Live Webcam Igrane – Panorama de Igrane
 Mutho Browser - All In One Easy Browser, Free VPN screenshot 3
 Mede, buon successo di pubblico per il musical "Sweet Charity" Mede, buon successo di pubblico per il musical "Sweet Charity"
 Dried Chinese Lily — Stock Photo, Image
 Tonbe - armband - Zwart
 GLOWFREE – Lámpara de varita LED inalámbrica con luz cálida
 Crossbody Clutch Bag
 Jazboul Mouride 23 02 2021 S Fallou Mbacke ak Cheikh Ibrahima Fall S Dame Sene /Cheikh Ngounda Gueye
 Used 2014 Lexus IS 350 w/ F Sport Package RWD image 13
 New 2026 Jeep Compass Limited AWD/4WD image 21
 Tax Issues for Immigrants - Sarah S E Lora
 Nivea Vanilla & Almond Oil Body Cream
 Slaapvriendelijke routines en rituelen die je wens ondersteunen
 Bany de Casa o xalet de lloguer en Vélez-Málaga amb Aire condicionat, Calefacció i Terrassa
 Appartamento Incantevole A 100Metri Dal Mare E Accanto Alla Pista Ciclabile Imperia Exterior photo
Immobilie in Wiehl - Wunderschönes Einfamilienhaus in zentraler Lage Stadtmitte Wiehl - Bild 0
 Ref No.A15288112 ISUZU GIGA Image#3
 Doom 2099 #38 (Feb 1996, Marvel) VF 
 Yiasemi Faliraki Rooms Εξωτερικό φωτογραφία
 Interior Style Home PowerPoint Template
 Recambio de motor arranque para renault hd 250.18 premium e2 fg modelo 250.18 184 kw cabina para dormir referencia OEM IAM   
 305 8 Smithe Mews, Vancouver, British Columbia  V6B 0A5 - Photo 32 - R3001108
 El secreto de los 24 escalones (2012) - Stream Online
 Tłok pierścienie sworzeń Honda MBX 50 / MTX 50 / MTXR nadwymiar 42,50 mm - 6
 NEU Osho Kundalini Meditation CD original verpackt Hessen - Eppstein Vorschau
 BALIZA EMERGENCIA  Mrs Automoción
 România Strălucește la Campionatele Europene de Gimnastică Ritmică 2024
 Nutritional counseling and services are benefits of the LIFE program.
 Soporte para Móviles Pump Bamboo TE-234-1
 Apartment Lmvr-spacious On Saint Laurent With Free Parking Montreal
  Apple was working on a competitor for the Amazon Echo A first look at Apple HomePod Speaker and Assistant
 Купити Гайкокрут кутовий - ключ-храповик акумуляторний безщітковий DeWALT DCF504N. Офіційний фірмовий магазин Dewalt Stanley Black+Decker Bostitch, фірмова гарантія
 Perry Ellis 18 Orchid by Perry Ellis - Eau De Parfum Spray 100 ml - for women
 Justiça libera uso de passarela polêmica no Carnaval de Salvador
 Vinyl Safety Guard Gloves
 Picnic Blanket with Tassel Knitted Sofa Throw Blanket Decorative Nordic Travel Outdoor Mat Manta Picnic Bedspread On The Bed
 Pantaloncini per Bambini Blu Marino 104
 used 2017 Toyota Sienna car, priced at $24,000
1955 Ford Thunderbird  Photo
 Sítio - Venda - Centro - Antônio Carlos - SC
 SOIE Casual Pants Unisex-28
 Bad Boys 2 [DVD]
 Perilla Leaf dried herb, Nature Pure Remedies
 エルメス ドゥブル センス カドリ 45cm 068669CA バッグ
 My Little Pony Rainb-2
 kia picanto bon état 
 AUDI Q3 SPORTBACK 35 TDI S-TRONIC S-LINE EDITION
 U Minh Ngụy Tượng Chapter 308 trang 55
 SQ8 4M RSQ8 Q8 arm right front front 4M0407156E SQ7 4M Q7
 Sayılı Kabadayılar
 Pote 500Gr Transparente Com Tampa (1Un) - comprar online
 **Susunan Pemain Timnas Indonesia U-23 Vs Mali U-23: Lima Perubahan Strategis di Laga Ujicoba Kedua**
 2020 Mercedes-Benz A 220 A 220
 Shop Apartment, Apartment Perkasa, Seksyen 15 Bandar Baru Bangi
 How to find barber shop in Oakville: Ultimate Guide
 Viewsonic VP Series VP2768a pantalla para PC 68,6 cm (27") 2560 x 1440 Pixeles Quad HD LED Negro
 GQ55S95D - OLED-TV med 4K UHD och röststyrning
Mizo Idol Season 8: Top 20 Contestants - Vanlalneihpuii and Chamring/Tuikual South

Task prompt = Look above for the line with "El secreto de" and the line with "Apple was working", and reproduce exactly those two lines plus every line between, nothing more.

Task output =
 El secreto de los 24 escalones (2012) - Stream Online
 Tłok pierścienie sworzeń Honda MBX 50 / MTX 50 / MTXR nadwymiar 42,50 mm - 6
 NEU Osho Kundalini Meditation CD original verpackt Hessen - Eppstein Vorschau
 BALIZA EMERGENCIA  Mrs Automoción
 România Strălucește la Campionatele Europene de Gimnastică Ritmică 2024
 Nutritional counseling and services are benefits of the LIFE program.
 Soporte para Móviles Pump Bamboo TE-234-1
 Apartment Lmvr-spacious On Saint Laurent With Free Parking Montreal
  Apple was working on a competitor for the Amazon Echo A first look at Apple HomePod Speaker and Assistant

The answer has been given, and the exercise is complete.